LTV forecasts: Testing, validation and error analysis
LTV forecasting is a uniquely challenging problem for which there are several competing approaches, and for which it is not straightforward to apply existing machine learning algorithms. In this post I’ll discuss testing and validating LTV models and the challenges that arise in doing so.
The primary method of validating LTV models is through back-testing — the procedure of running models with data up to a certain date in the past (i.e. a year). After running models with this back-shifted date, the predicted LTVs can be compared with the actuals to get the delta on a user and on an aggregate level.
There are a few things to keep in mind when relying on back-tests for validation:
- A large number of back-tests is required before one can get a good idea of performance.

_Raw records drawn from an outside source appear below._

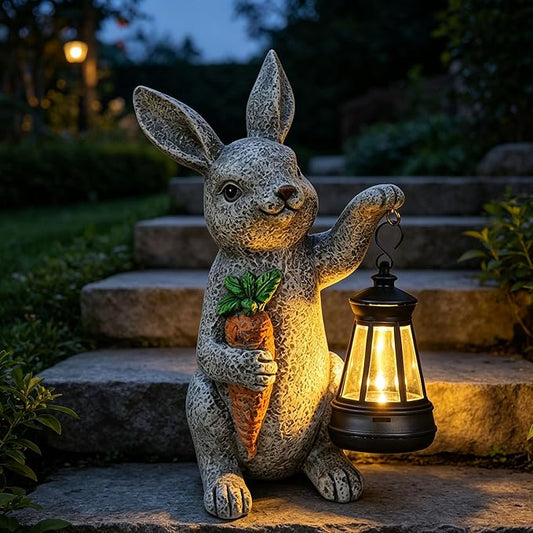 Garden Statues Rabbit Solar Lantern Outdoor Handmade Resin Statue Bunny with Cute Carrot for Patio, Yard, Mother's Day Gift Ideas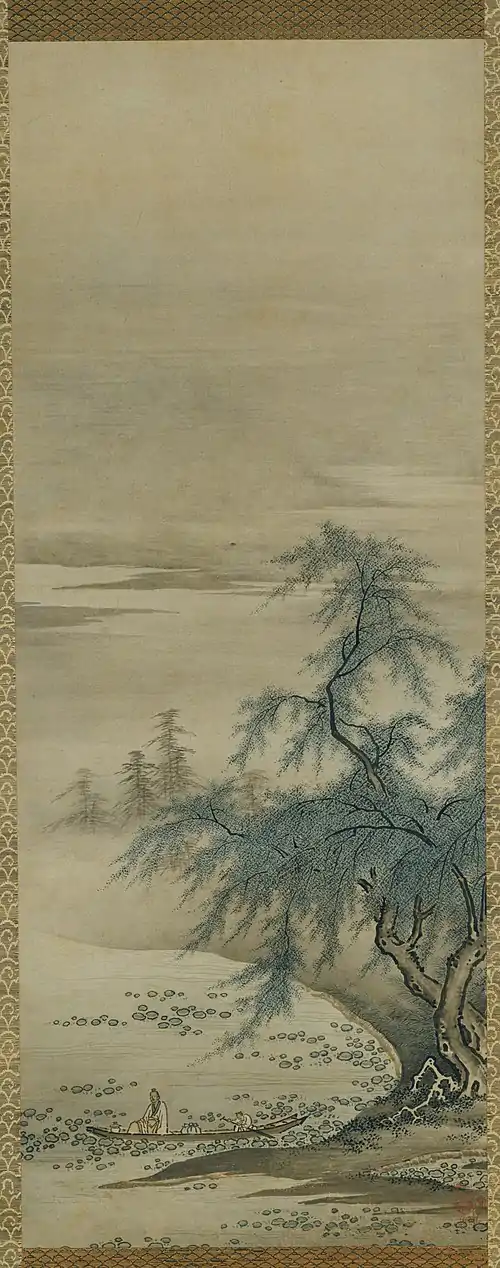 "Zhou Maoshu Appreciating Lotuses", a hanging scroll by Kanō Masanobu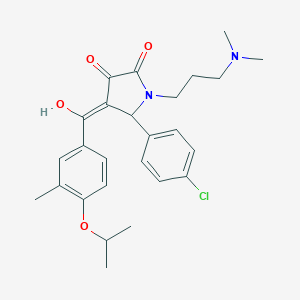 molecular formula C26H31ClN2O4 B384352 5-(4-chlorophenyl)-1-[3-(dimethylamino)propyl]-3-hydroxy-4-(4-isopropoxy-3-methylbenzoyl)-1,5-dihydro-2H-pyrrol-2-one 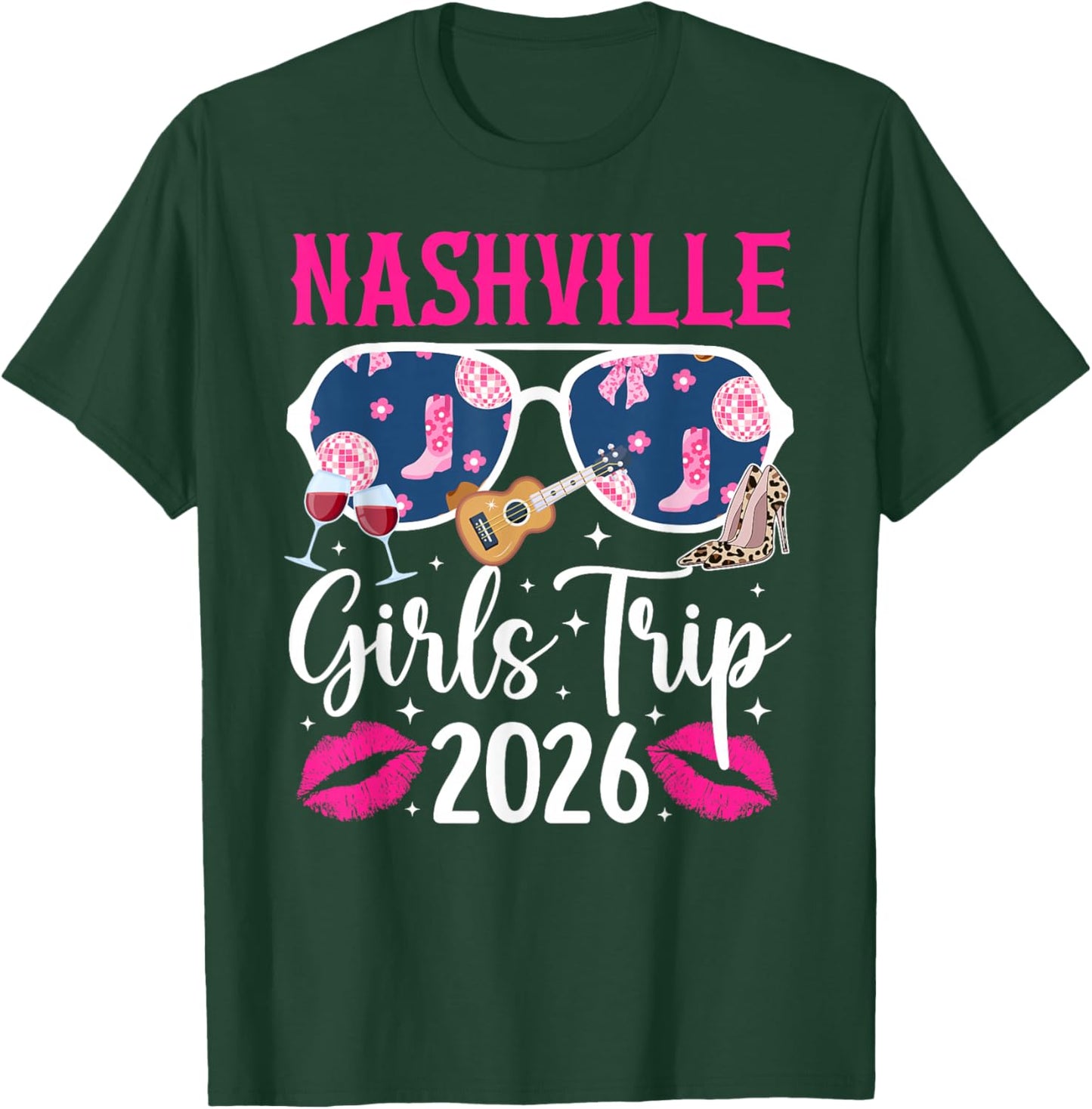 Nashville Girls Trip 2026 Girls Vacation Nashville Travel T-Shirt - T-Shirt | Forest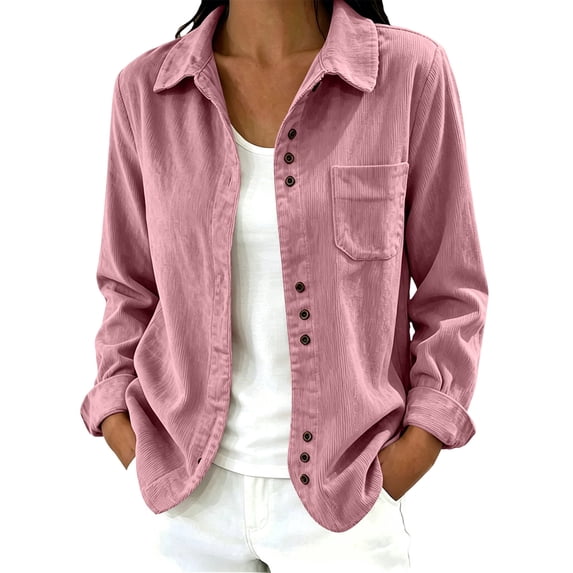 RRJ Women Fall Winter Corduroy Collared Long Sleeve Button Down Shirts Casual Open Front Basic Tops, Pink L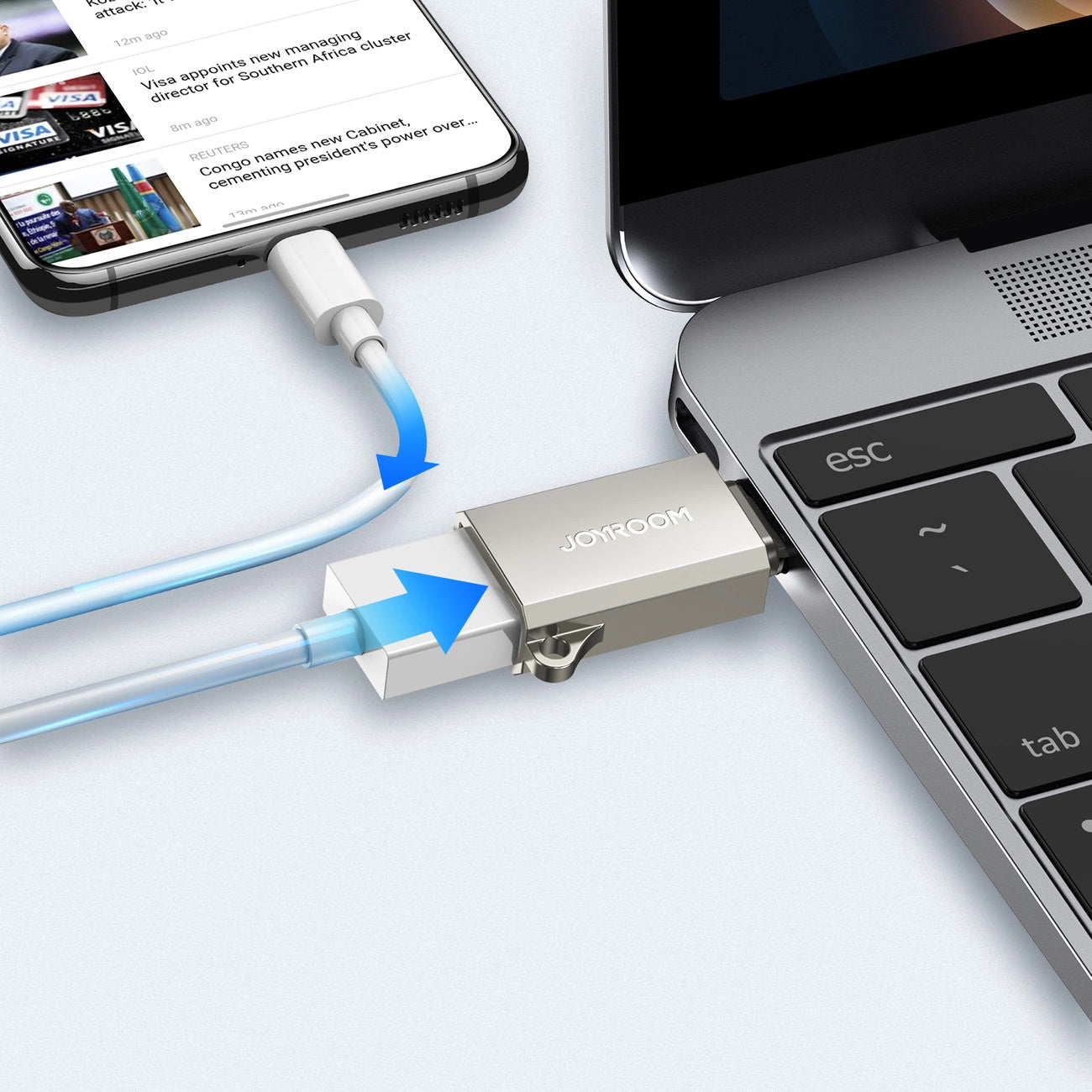 OTG Adapter USB-C - USB-A Joyroom S-H151, Sølv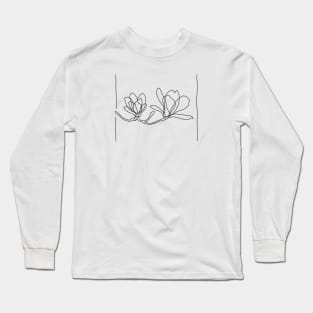 Magnolia Flowers Line Drawing - Black Long Sleeve T-Shirt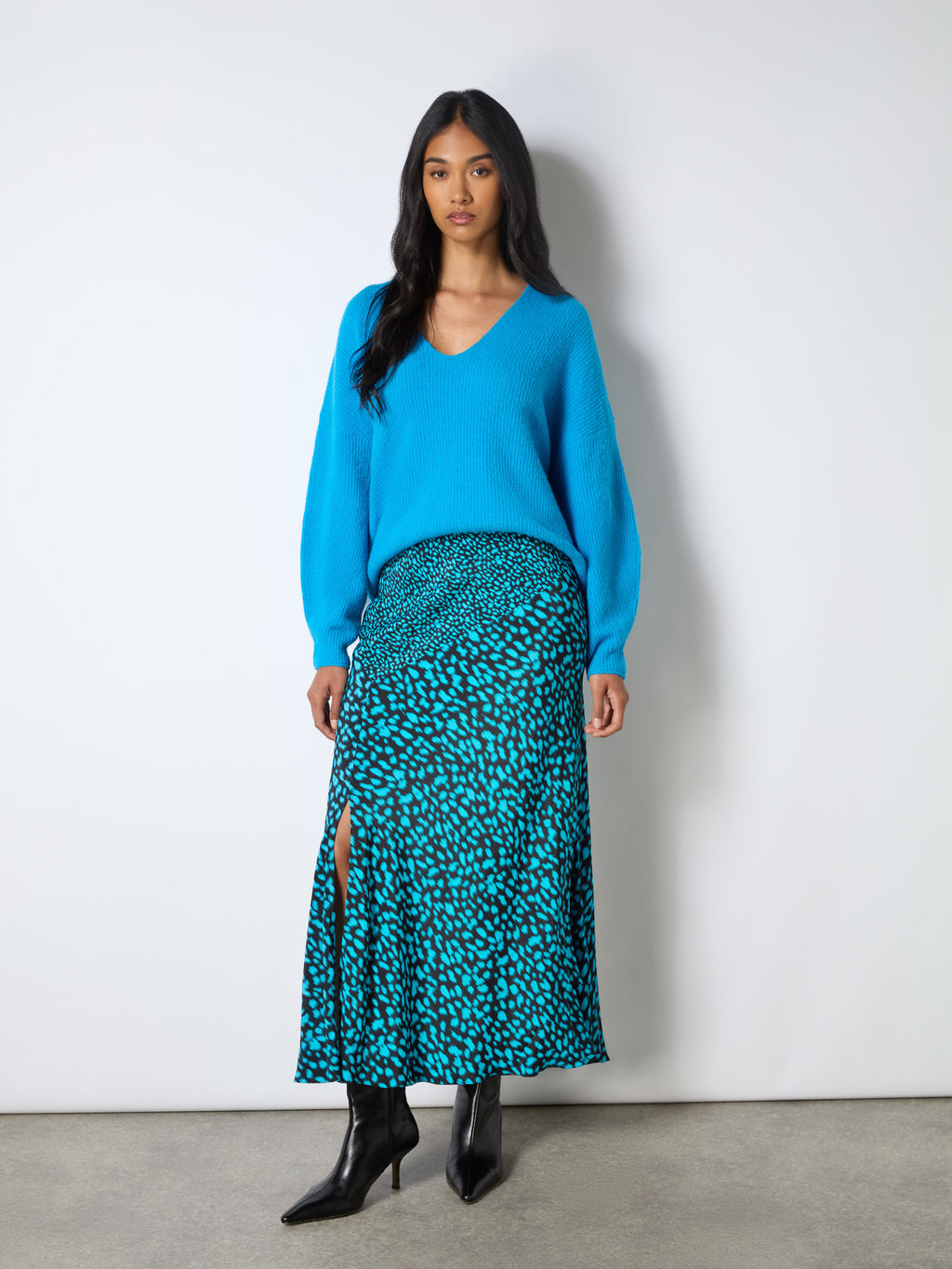 Dash Print Contrast Panel Skirt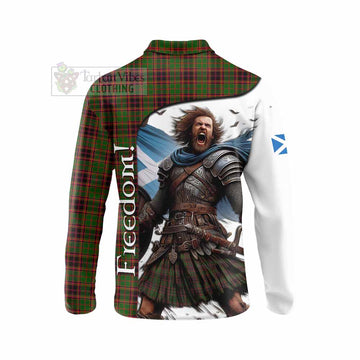 Buchan Crest Tartan Long Sleeve Polo Shirt Inspired by the Freedom of Scottish Warrior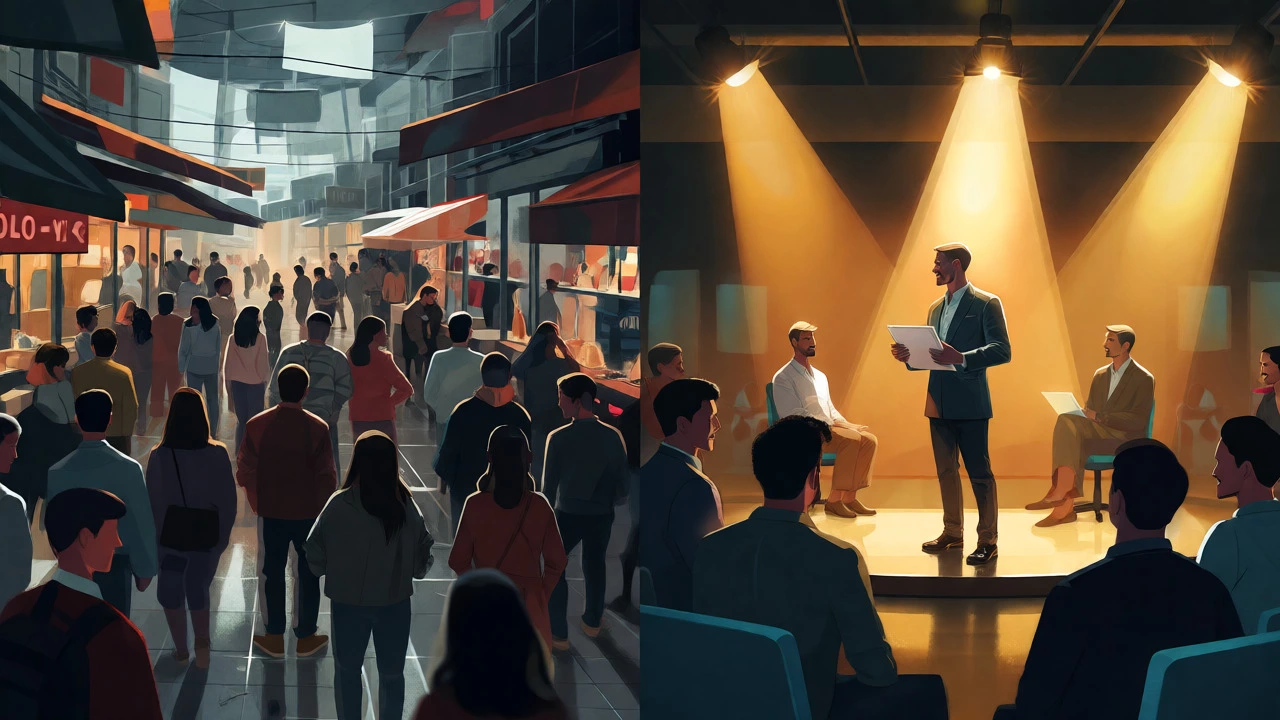 Split view comparing crowded marketplace vs premium studio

Simply running a single test will not produce meaningful output and may lead to incorrect conclusions being made. Instead, back-tests should be conducted periodically over several months to get an idea of error variance and cycles over time.
- Past performance is not always indicative of future performance. If for example during back-testing, a model shows a +20% error on iOS cohorts, one must not assume this bias is present in today’s forecasts. In fact, for a well-developed model absent of bias, one would expect zero correlation between past and present errors as the errors would ideally be randomly distributed around 0 with no dependence on any cohort or time dimension.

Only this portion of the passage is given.